High-throughput identification of interacting protein-protein binding sites
1 Department of Chemistry and Biochemistry, University of California, San Diego, Gilman Drive, La Jolla, CA 92093-0743, USA
2 Department of Pharmacology, University of California, San Diego, Gilman Drive, La Jolla, CA 92093-0743, USA
3 San Diego Supercomputer Center, University of California, San Diego, Gilman Drive, La Jolla, CA 92093-0743, USA
BMC Bioinformatics 2007, 8:223 doi:10.1186/1471-2105-8-223Published: 27 June 2007
With the advent of increasing sequence and structural data, a number of methods have been proposed to locate putative protein binding sites from protein surfaces. Therefore, methods that are able to identify whether these binding sites interact are needed.
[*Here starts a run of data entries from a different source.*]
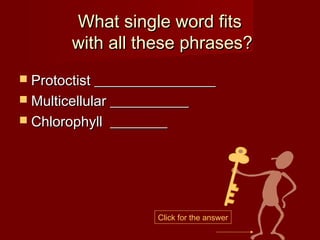 What single word fits
        with all these phrases?
 Protoctist _________________
 Multicellular ___________
 Chlorophyll   ________




                      Click for the answer
 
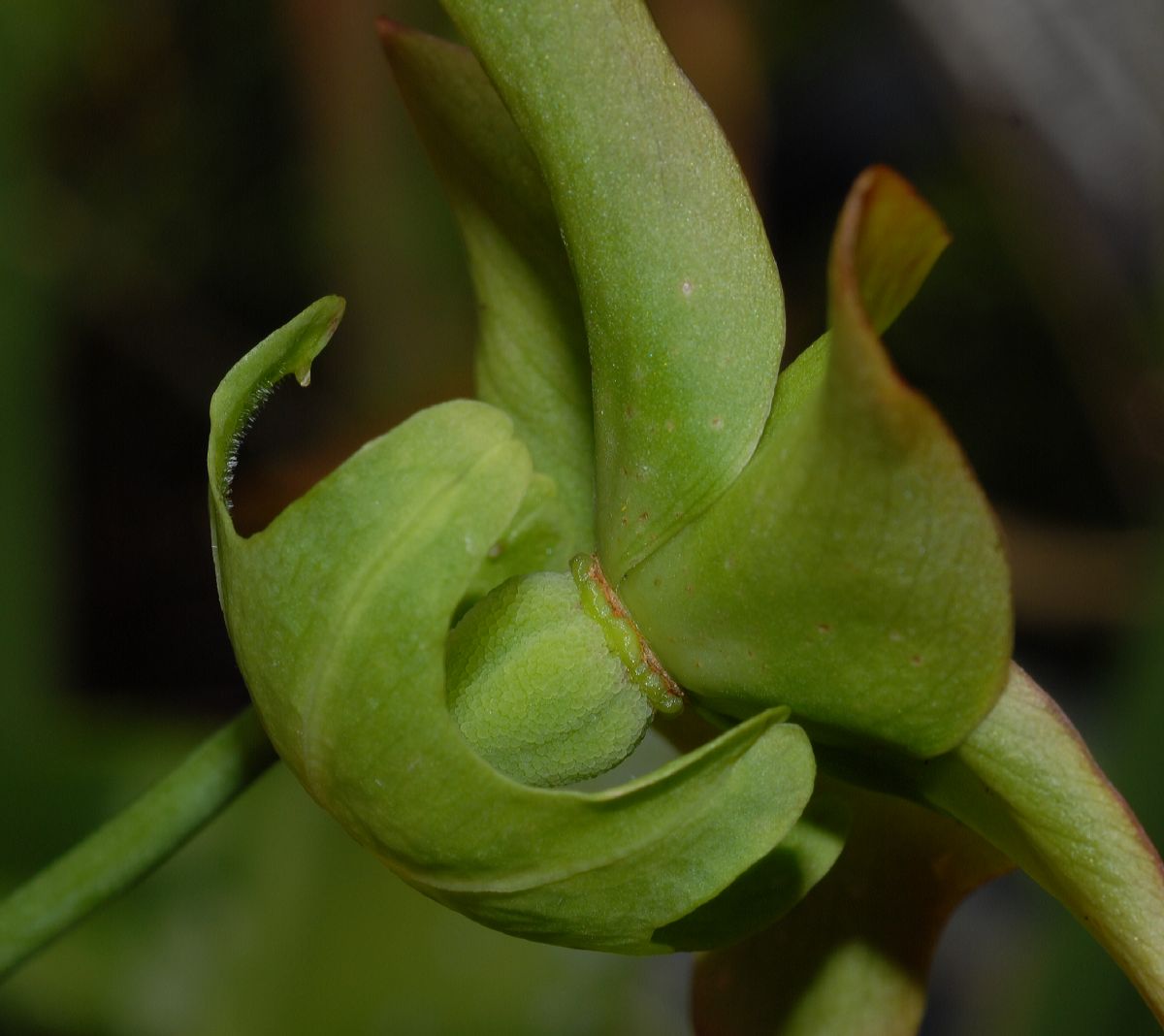 Sarraceniaceae Sarracenia rubra
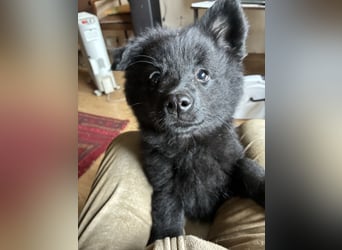 Spitze Großspitzwelpe suchen noch einen liebevollen Betreuer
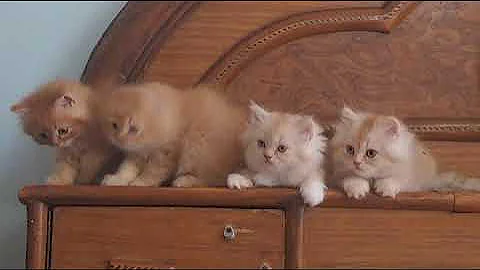 Watch the video about Classic long hair Persian kittens available for sale more details contact 8801337500 #asadcattery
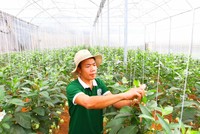 Gần như tất cả các Kl991.com World Cup 2026 Chính Thức đều chịu tác động tiêu cực bởi Covid-19. Ảnh: Lê Toàn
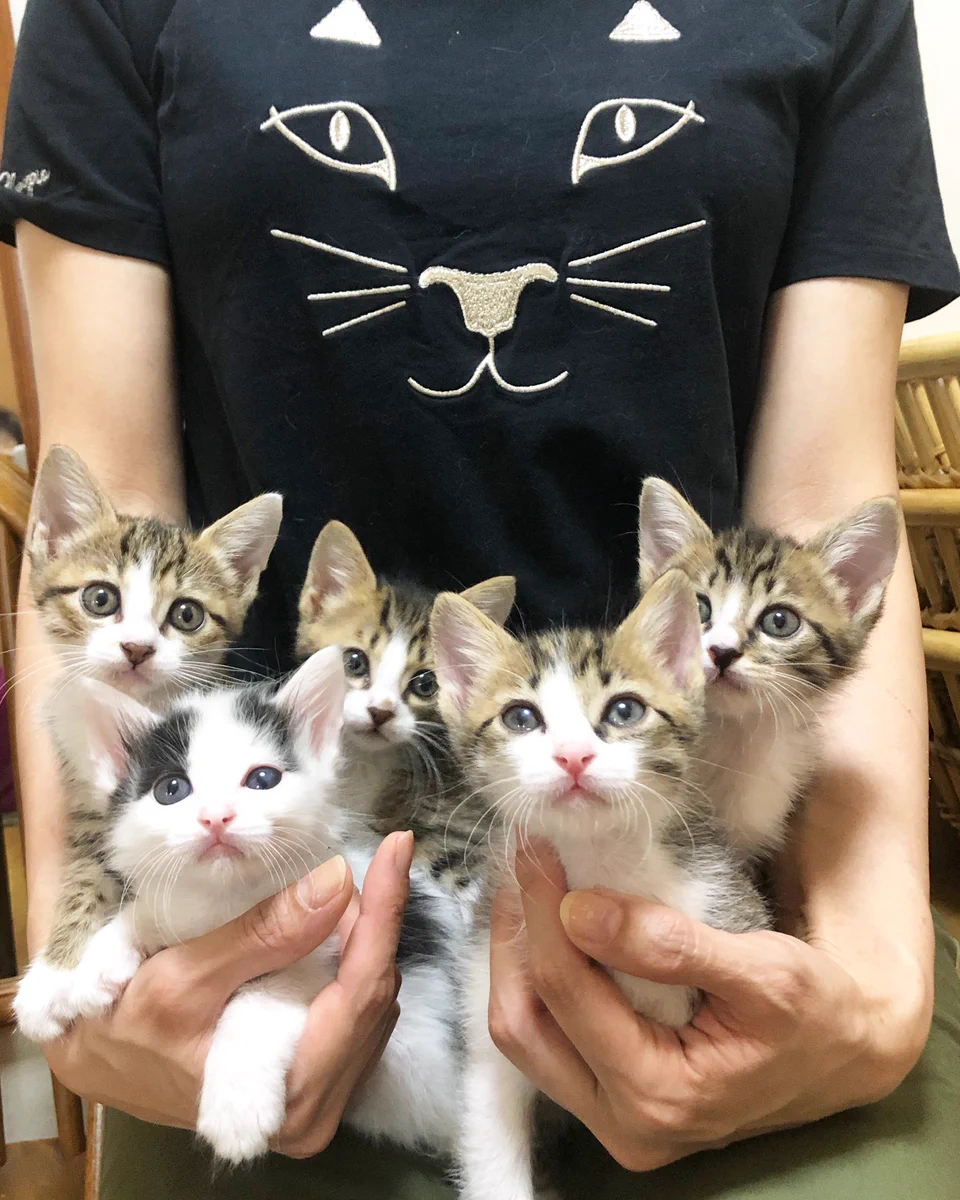可愛さがにじみ出て止まらない!生後6週間の子猫のビフォーアフターに感動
We have developed a new method using a machine learning approach to detect if protein binding sites, once identified, interact with each other. The method exploits information relating to sequence and structural complementary across protein interfaces and has been tested on a non-redundant data set consisting of 584 homo-dimers and 198 hetero-dimers extracted from the PDB. Results indicate 87.4% of the interacting binding sites and 68.6% non-interacting binding sites were correctly identified. Furthermore, we built a pipeline that links this method to a modified version of our previously developed method that predicts the location of binding sites.
We have demonstrated that this high-throughput pipeline is capable of identifying binding sites for proteins, their interacting binding sites and, ultimately, their binding partners on a large scale.